▸ **WHAT IS BEING ASKED**
Among the entries below, only the lines from the one with "Casa de 4 alcobas" through the one with "111 Lariat Cir, New Bern, NC 28562" are to be retyped, exactly and without pictures.

▸ **PROVIDED DATA**
<<<<
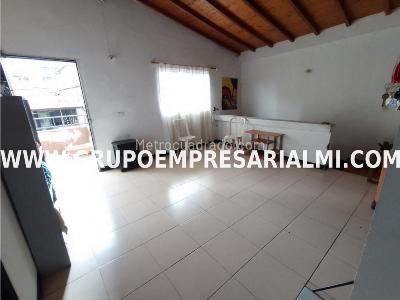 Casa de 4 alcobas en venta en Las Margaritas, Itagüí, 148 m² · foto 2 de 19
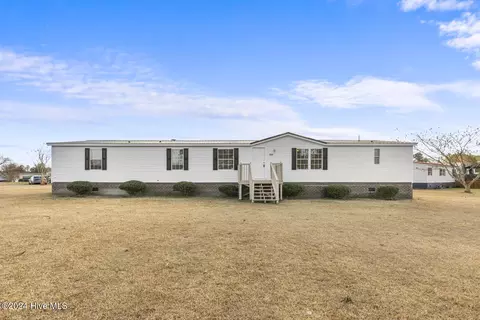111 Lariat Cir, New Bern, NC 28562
>>>>
<<<<
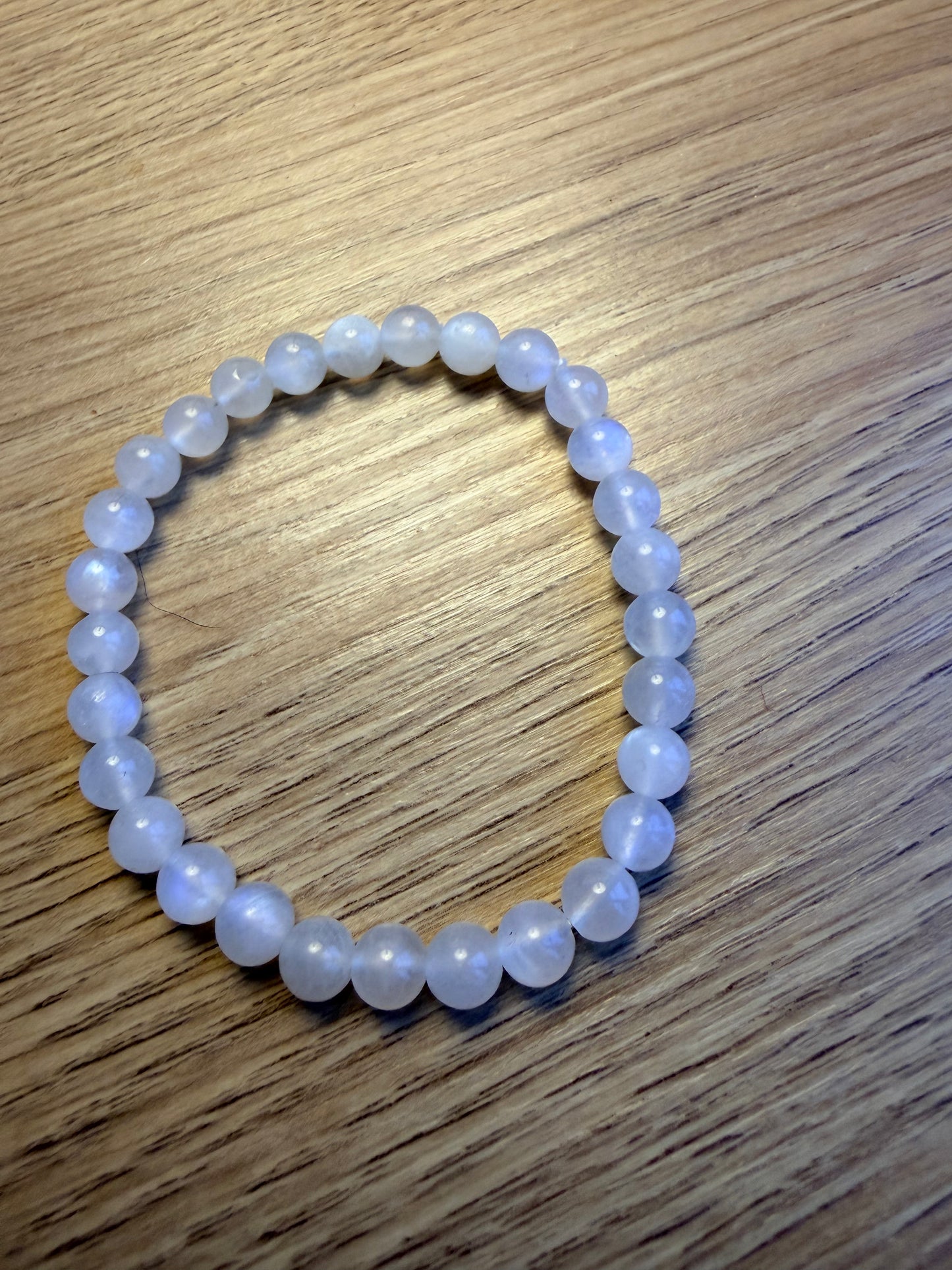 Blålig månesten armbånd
>>>>
▸ **TASK RESULT**
 Casa de 4 alcobas en venta en Las Margaritas, Itagüí, 148 m² · foto 2 de 19
111 Lariat Cir, New Bern, NC 28562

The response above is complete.